# [YOUR INSTRUCTIONS]
Repeat the entries that follow verbatim, without any of their pictures.

# [EXTRACTED MATERIAL]

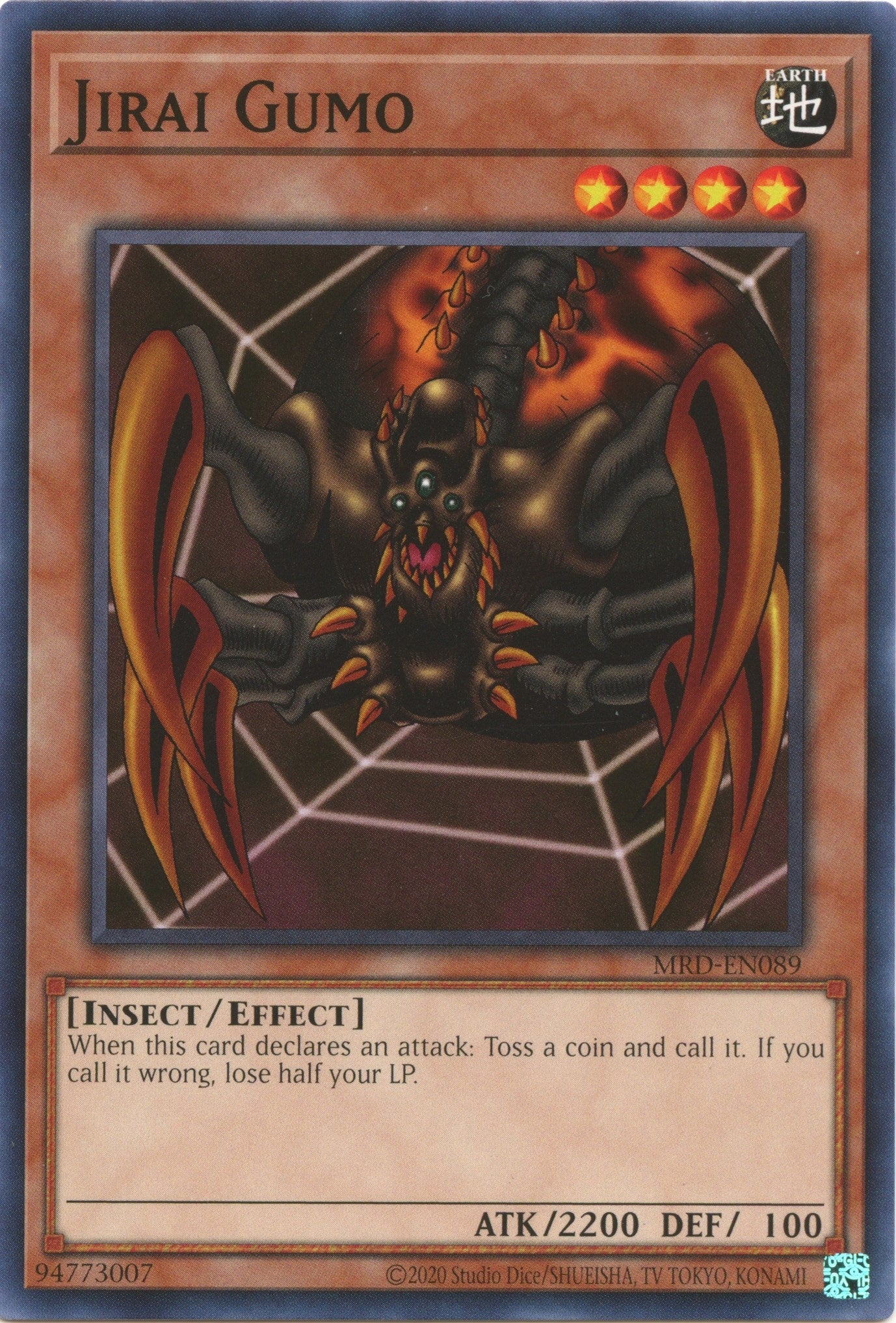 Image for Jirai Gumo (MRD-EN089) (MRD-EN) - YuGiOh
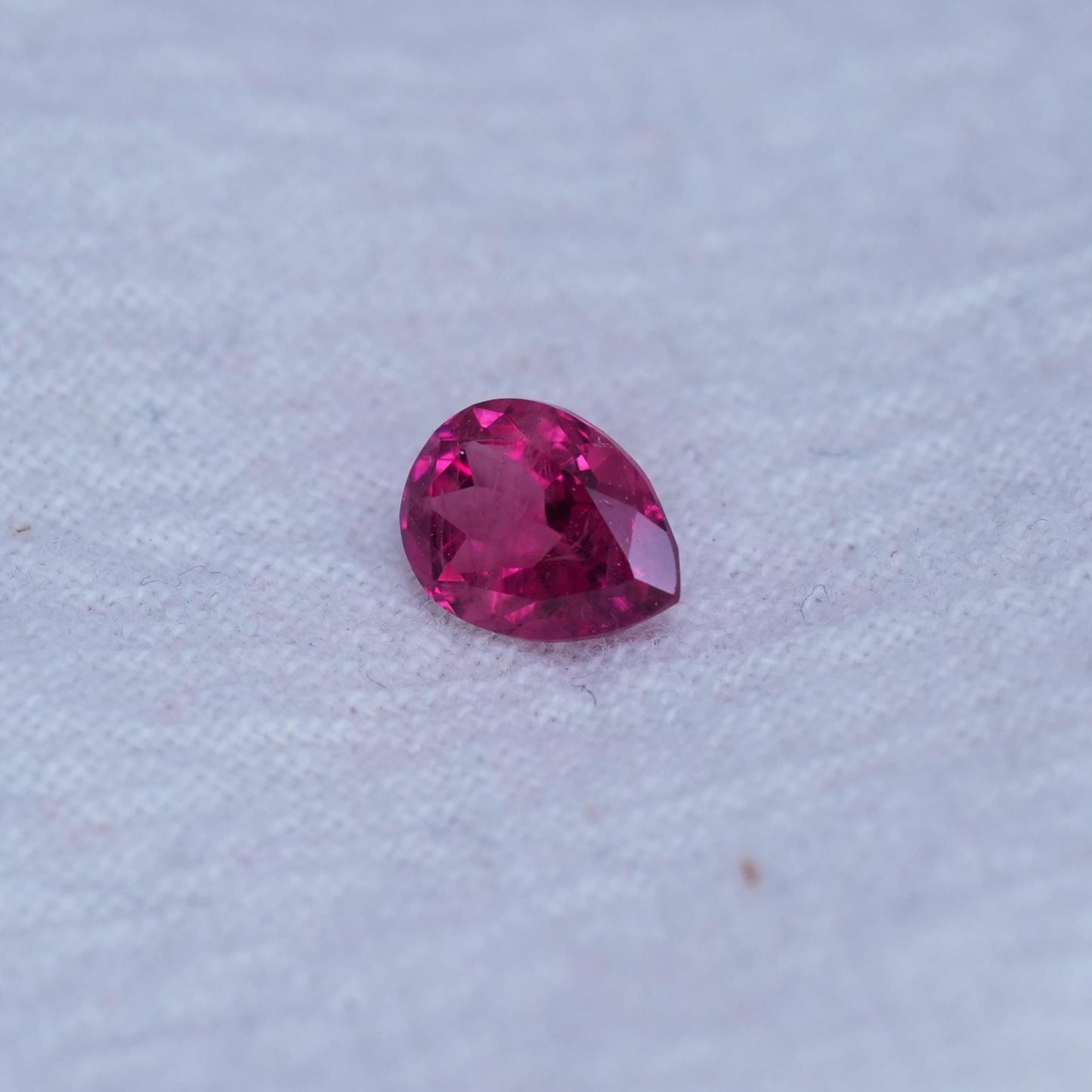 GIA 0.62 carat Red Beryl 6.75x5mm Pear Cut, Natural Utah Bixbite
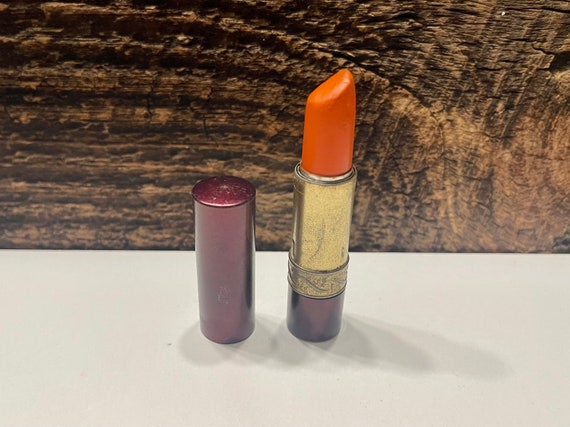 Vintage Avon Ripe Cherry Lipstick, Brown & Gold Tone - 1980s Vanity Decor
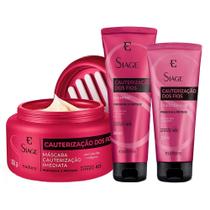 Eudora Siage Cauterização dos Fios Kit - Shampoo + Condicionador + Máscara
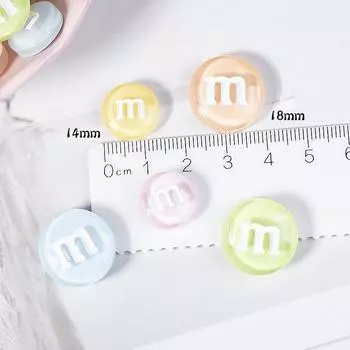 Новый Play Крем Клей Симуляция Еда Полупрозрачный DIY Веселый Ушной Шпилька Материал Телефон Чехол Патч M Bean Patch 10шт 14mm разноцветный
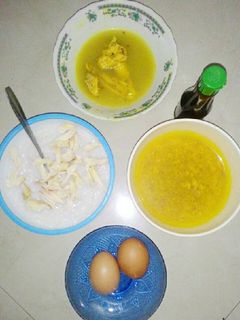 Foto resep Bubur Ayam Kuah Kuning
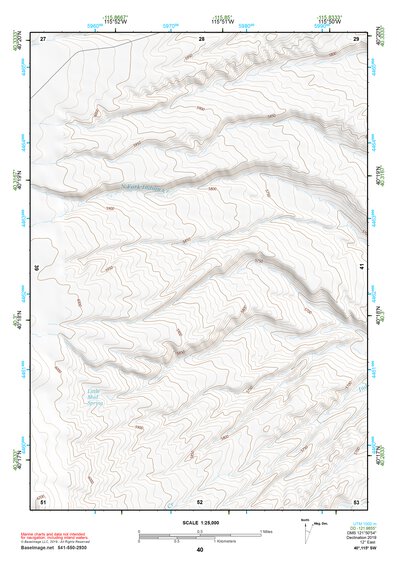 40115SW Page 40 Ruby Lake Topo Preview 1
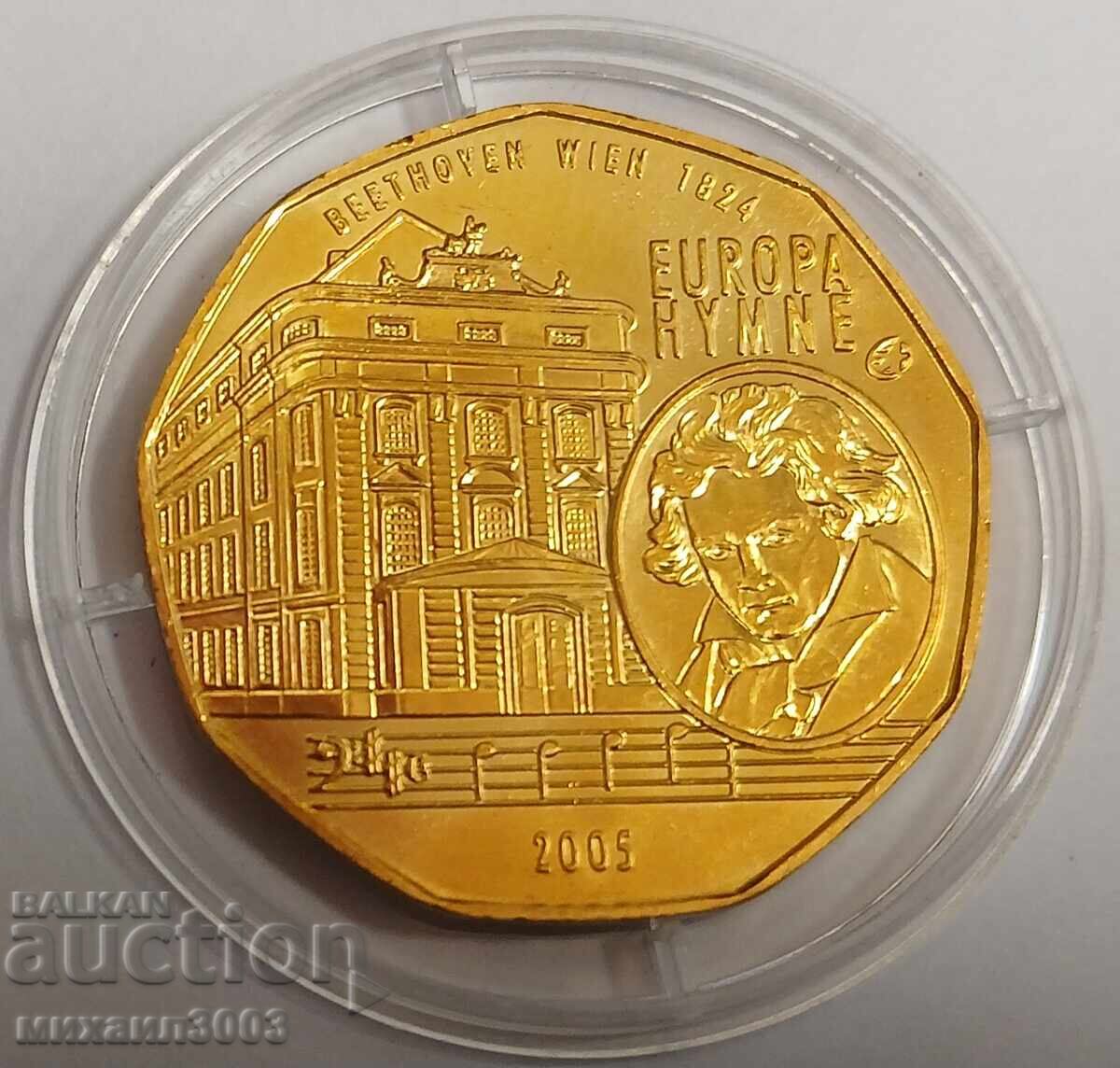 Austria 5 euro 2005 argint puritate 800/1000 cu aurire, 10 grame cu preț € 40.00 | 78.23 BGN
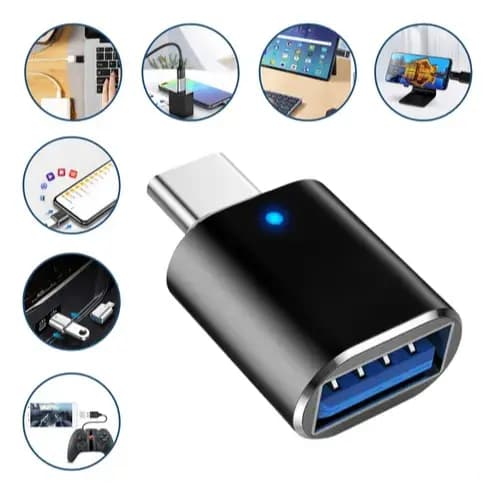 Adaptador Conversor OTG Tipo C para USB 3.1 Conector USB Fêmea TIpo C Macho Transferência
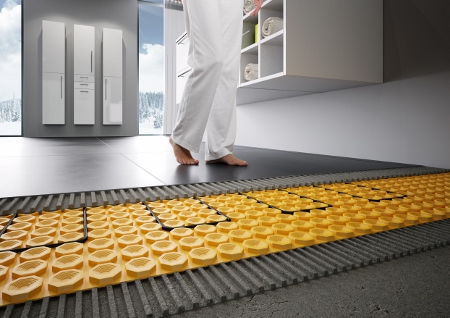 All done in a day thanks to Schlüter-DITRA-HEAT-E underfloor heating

# [RESULT FOR THIS EXERCISE]
 Image for Jirai Gumo (MRD-EN089) (MRD-EN) - YuGiOh
 GIA 0.62 carat Red Beryl 6.75x5mm Pear Cut, Natural Utah Bixbite
 Vintage Avon Ripe Cherry Lipstick, Brown & Gold Tone - 1980s Vanity Decor
 Eudora Siage Cauterização dos Fios Kit - Shampoo + Condicionador + Máscara
 Новый Play Крем Клей Симуляция Еда Полупрозрачный DIY Веселый Ушной Шпилька Материал Телефон Чехол Патч M Bean Patch 10шт 14mm разноцветный
 Foto resep Bubur Ayam Kuah Kuning
 40115SW Page 40 Ruby Lake Topo Preview 1
 Austria 5 euro 2005 argint puritate 800/1000 cu aurire, 10 grame cu preț € 40.00 | 78.23 BGN
 Adaptador Conversor OTG Tipo C para USB 3.1 Conector USB Fêmea TIpo C Macho Transferência
 All done in a day thanks to Schlüter-DITRA-HEAT-E underfloor heating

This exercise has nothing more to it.